Anyway, there are these two divorce mediators and best friends, John Beckwith (Owen Wilson) and Jeremy Grey (Vince Vaughn), whose favorite time of year is "wedding season." I would assume they crash weddings at other times of year, as well, but the few weeks in summer when weddings are most common is when they have the most fun in the shortest span of time. (Wedding crashing is a tradition handed down to Jeremy from a guy named Chazz Reinhold, whom John meets near the end of the movie.) Well... we get to see John and Jeremy using every trick in the book to get women they meet at wedding receptions to go to bed with them. But by the end of this particular season, John is starting to grow weary of such juvenile behavior.

Later, Jeremy convinces John to (reluctantly) crash the wedding of one of the daughters of Secretary of the Treasury William Cleary (Christopher Walken). When they get there, John falls in like at first sight with of the bride's sisters, Claire (Rachel McAdams). At the reception, the two of them hit it off, and John also makes a good impression on Claire's father. Meanwhile, Jeremy works his magic on yet another of William's daughters, Gloria (Isla Fisher). After Jeremy and Gloria have sex on the beach, she claims it was her first time... and she's in love with him. Suddenly, Jeremy is desperate to get away, but the formerly reluctant John wants to stay. The two of them end up being invited to stay at the Cleary family home for awhile. The priest who performed the wedding, Father O'Neil (Henry Gibson), is also staying with the Clearys, though he's a fairly minor character. Unfortunately for John, another guest is Claire's boyfriend, Sack Lodge (Bradley Cooper).
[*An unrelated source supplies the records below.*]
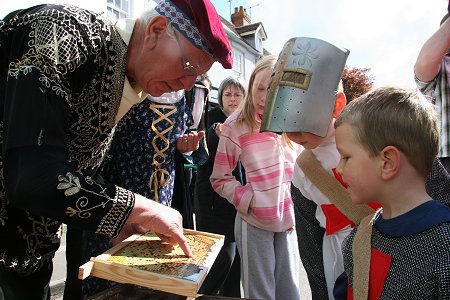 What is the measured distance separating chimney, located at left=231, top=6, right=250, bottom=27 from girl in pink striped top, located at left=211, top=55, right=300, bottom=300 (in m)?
18.0

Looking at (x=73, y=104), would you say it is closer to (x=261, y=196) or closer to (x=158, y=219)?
(x=158, y=219)

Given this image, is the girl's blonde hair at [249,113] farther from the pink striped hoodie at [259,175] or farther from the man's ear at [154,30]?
the man's ear at [154,30]

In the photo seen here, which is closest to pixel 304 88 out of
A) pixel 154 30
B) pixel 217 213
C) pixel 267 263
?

He's pretty much an asshole (which honestly, I think is kind of a good thing, if we're meant to root for John and Claire to get together, considering John is far from being a respectable gentleman, himself). Although... considering John and Jeremy are pretending to be distant relatives, I'm not sure how a relationship between them and either Claire or Gloria was supposed to be acceptable... unless they were pretending to be relatives of the guy who married the other Cleary daughter. (After the wedding, we don't see the bride and groom again, so they're not important to the story, anyway.) But it really seemed to me like they were pretending to be relatives of the Clearys.

Anyway... William's wife (Seymour) gets all cougar-y with John, who isn't exactly happy about that. And Gloria gets progressively more sexually aggressive with Jeremy, who still just wants to get away. (Eventually she ties him to his bed and apparently rapes him, offscreen, which I guess is supposed to be funny. It's not. And later, William's son Todd shows up in Jeremy's room while he's still tied up, and Jeremy seems to just barely avoid having anything too rape-y done to him by Todd. Also not funny.) Meanwhile, John and Claire continue to get along quite well, and it's clear they're developing real feelings for each other... until Sack has John and Jeremy investigated, and learns that they've been lying about who they are. So, they leave.

John spends the next few months seriously depressed about having lost Claire. And he wants nothing to do with Jeremy anymore. (It's not at all clear to me whether John is even going in to work anymore.) And... beyond that I guess I don't want to reveal any more of the plot. There is one rather twisted surprise that's kind of amusing (I guess), but otherwise the ending is fairly predictable and happy. And aside from a few aspects of the movie not appealing to me (see Pop Culture Detective's essays "Stalking for Love" and "Sexual Assault of Men Played for Laughs"), I mostly found it amusing, and most of the characters were pretty likable (some of them more than they had any right to be... which put me in mind of Barney from How I Met Your Mother). And... I guess I don't know what else to say.